This engine template has integrated OpenNLP's GISModel for text classification.
This engine template utilizes the GIS algorithm from the Apache OpenNLP library to classify text based off of training data.
- initial version
Event Data Requirements
Input Query
- Phrase
- Category
Output PredictedResult
- Category
Dataset Format Training Data: Your training data should be a single line with a sentence and a category seperated by a tab. *Note that all words should have a single space between them. For example,
Sports Russell Wilson is a super bowl quarterback
If PredictionIO is not installed, install it here.

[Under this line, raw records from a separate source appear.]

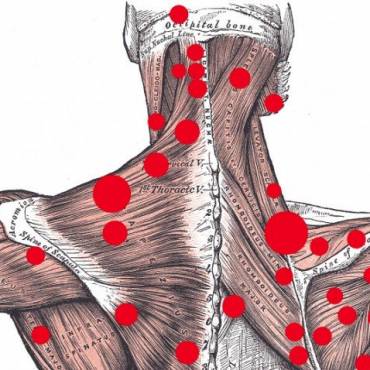 Trigger Points and Treatment Modalities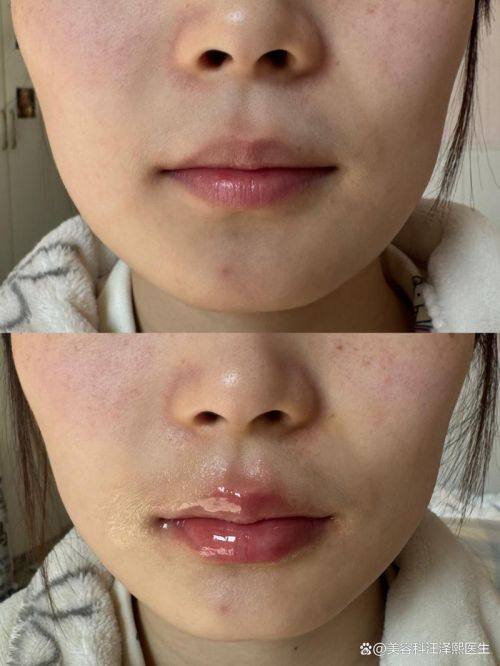 吉安佳美医疗美容门诊部特色项目及技术优势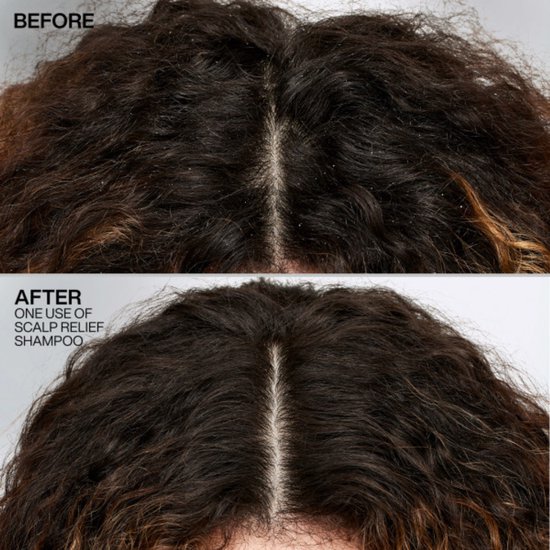 Redken Scalp Relief Dandruff Control Shampoo – Anti-roos shampoo voor de geïrriteerde hoofdhuid – 250 ml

Start all components (Event Server, Elaticsearch, and HBase).
Note: If pio-start-all
is not recognized, upgrade to the latest version of PredictionIO.
$ pio-start-all
Verify the status of components:
$ pio status
git clone ....FILL IN LATER....
$ pio app new [YourAppName]
The console output should include the App Name, App ID, and Access Key. You will need the App ID and Access Key in future steps. You can view your applications by entering pio app list
.
Install the PredictionIO Python SDK:
$ pip install predictionio
or
$ easy_install predictionio
From the root directory of your engine, run:
$ python data/import_eventserver.py --access_key [YourAccessKeyFromStep3] --file [/path/to/your/data]

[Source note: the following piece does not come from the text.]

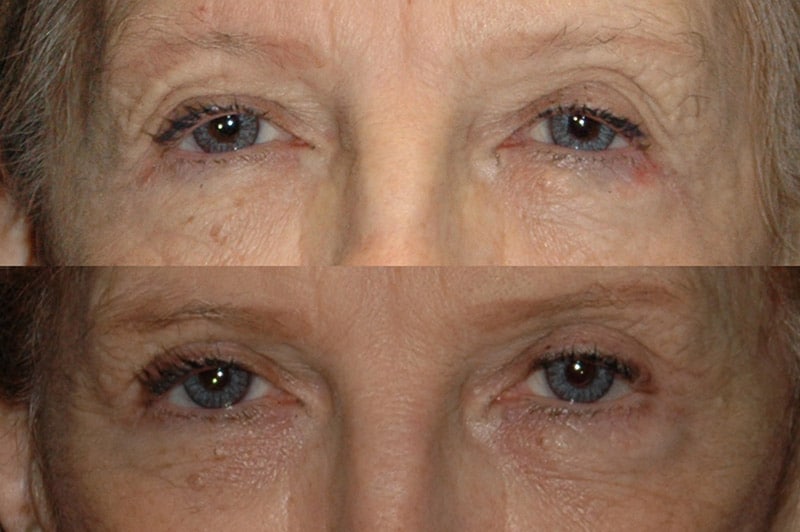 Upper Blepharoplasty Before and After Photos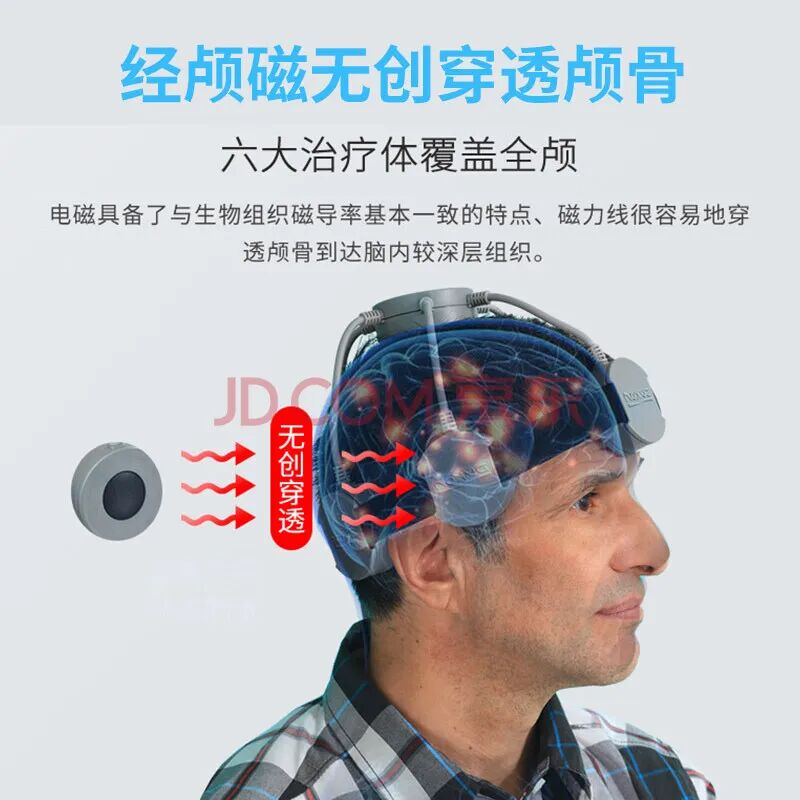 磁脉冲是什么什么是经颅磁刺激、重复经颅磁刺激？_https://www.jmylbn.com_新闻资讯_第4张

From the root directory of your engine, find engine.json
and verify that the appId matches the App Id of your application from Step 3.
...
"datasource": {
"params" : {
"appId": App id from step 3 here
}
},
...
Build the engine.
$ pio build
Train the engine. This may take several minutes.
$ pio train
Deploy the engine. This may take several minutes.
$ pio deploy
After deploying successfully, you can view the status of your engine at http://localhost:8000.
To do a sample query, run python send_data.py
from the root directory of your engine. Customize the query by modifying the JSON "sentence" : "Seattle Seahawks"
in send_data.py
. The engine will return a JSON object containing predicted energy usage.